*** Input material

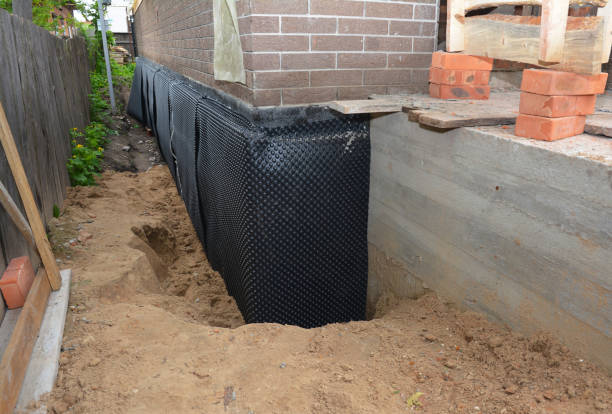 SJ Waterproofing Pros technician performing targeted Exterior Waterproofing assessment in Brighton, MI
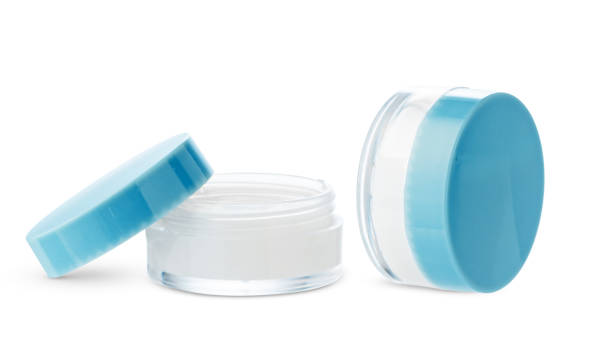 Two open cosmetic jars showcasing different creams set against a clean white background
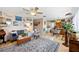 Bright and spacious living room featuring hardwood floors and an open floor plan at 2057 Garden Pkwy, Bradenton, FL 34205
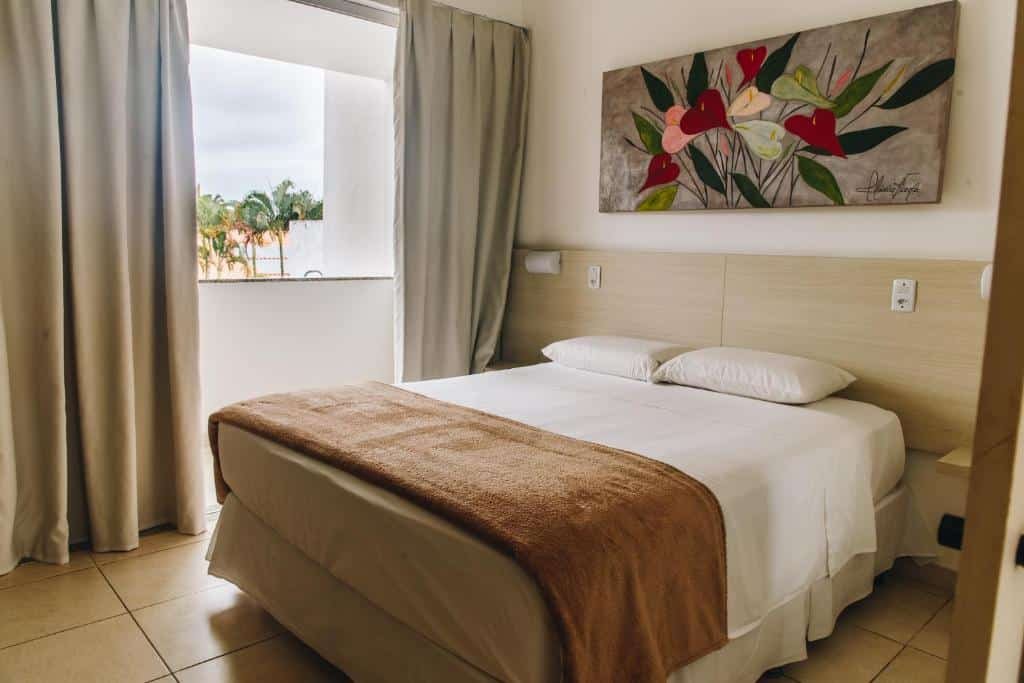 Quarto com cama ampla Jardim Atlântico Beach Resort.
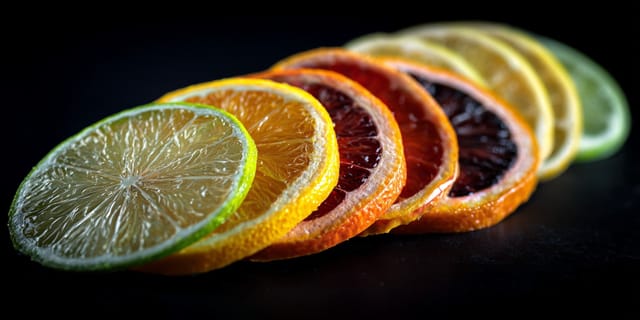 Row of colorful fresh citrus slices on a black background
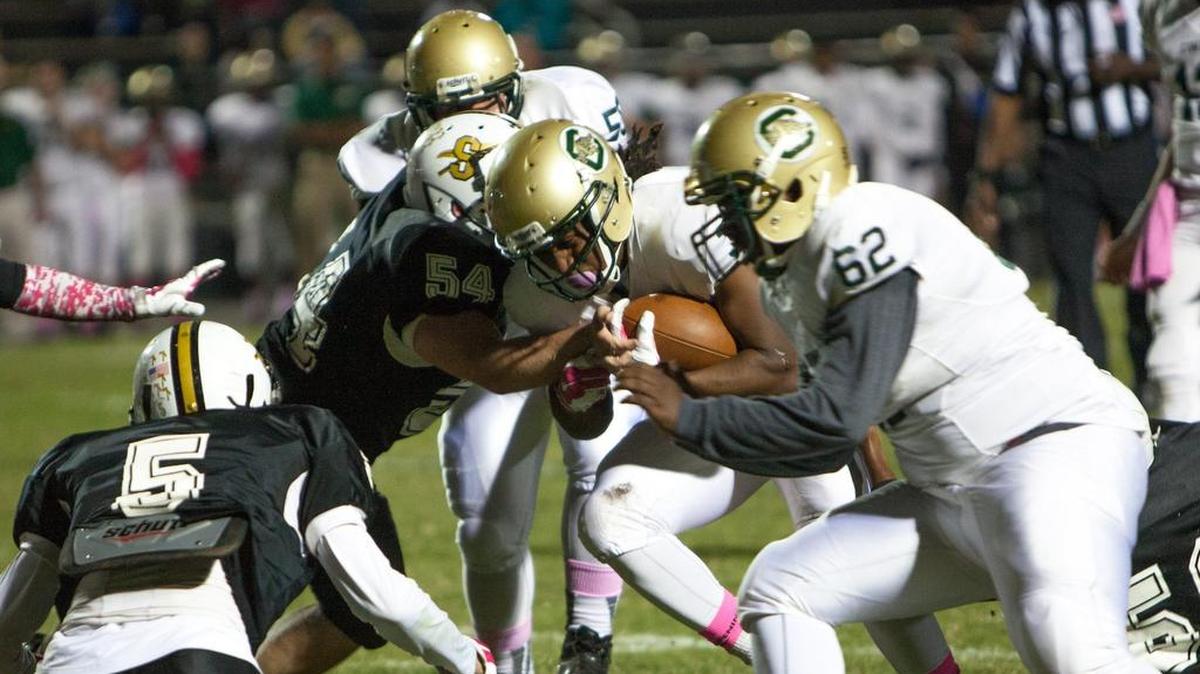 
Jah-Maine Martin pushes into Braves defense as Socastee hosts Conway Friday, October 16, 2015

******

▶ Required action: Set down word for word the lines from the first entry through the line with "Row of colorful", both included, omitting pictures.

▶ Result of the task:
 SJ Waterproofing Pros technician performing targeted Exterior Waterproofing assessment in Brighton, MI
 Two open cosmetic jars showcasing different creams set against a clean white background
 Bright and spacious living room featuring hardwood floors and an open floor plan at 2057 Garden Pkwy, Bradenton, FL 34205
 Quarto com cama ampla Jardim Atlântico Beach Resort.
 Row of colorful fresh citrus slices on a black background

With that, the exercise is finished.